» Record set:
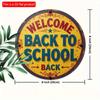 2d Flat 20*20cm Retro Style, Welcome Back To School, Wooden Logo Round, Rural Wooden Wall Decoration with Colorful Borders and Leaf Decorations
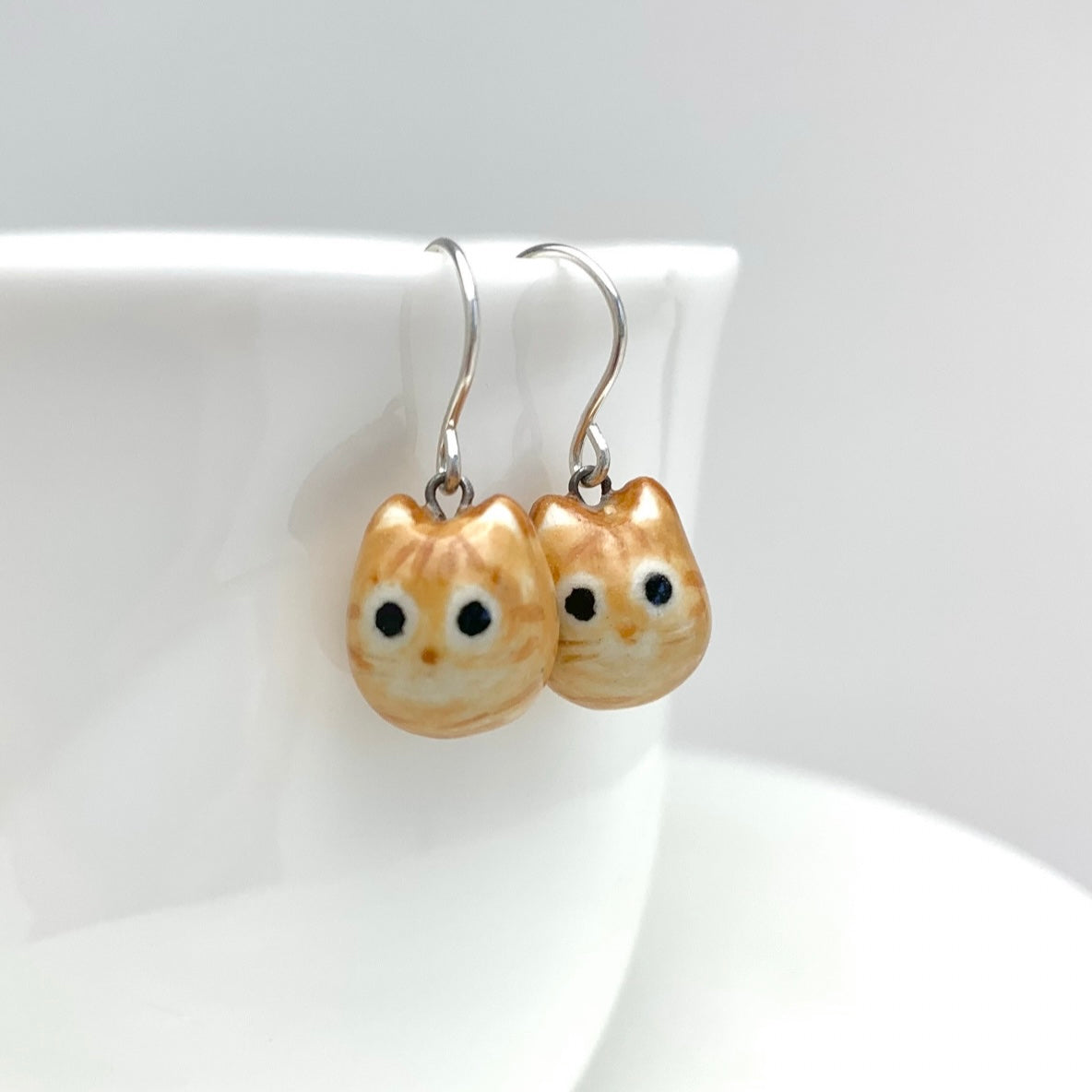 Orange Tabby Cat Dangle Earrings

---

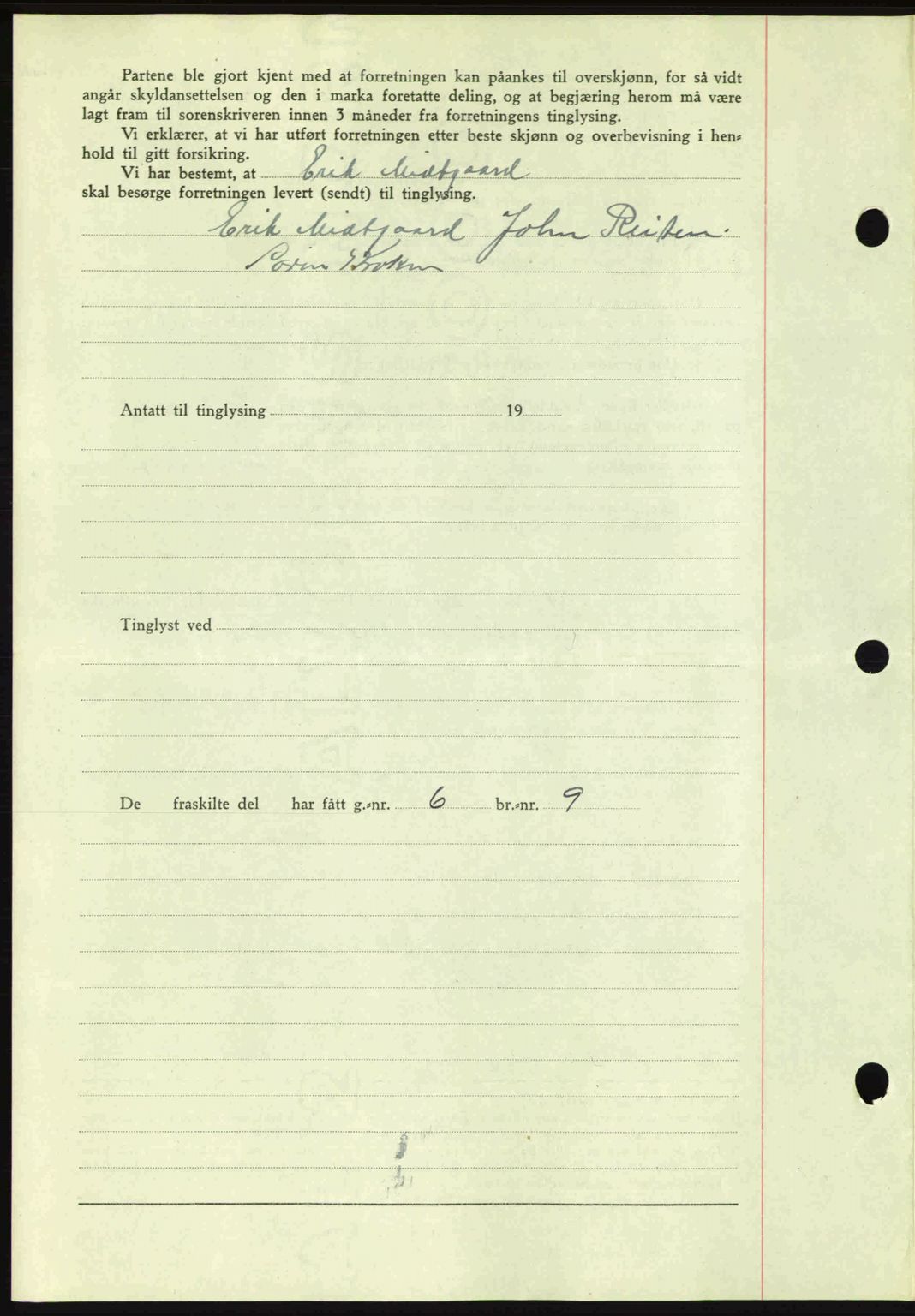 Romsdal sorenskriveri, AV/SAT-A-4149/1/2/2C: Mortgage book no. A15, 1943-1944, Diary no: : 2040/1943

--

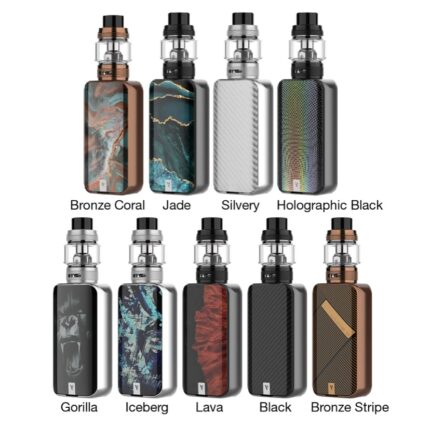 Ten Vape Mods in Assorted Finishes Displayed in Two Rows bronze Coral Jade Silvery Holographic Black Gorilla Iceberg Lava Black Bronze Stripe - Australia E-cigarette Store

» Prompt: When copying from the data above, begin at the line containing "2d Flat 20*20cm" and end at the line containing "Orange Tabby Cat Dangle Earrings"; return those lines exactly and leave all pictures behind.

» Solution to this exercise:
 2d Flat 20*20cm Retro Style, Welcome Back To School, Wooden Logo Round, Rural Wooden Wall Decoration with Colorful Borders and Leaf Decorations
 Orange Tabby Cat Dangle Earrings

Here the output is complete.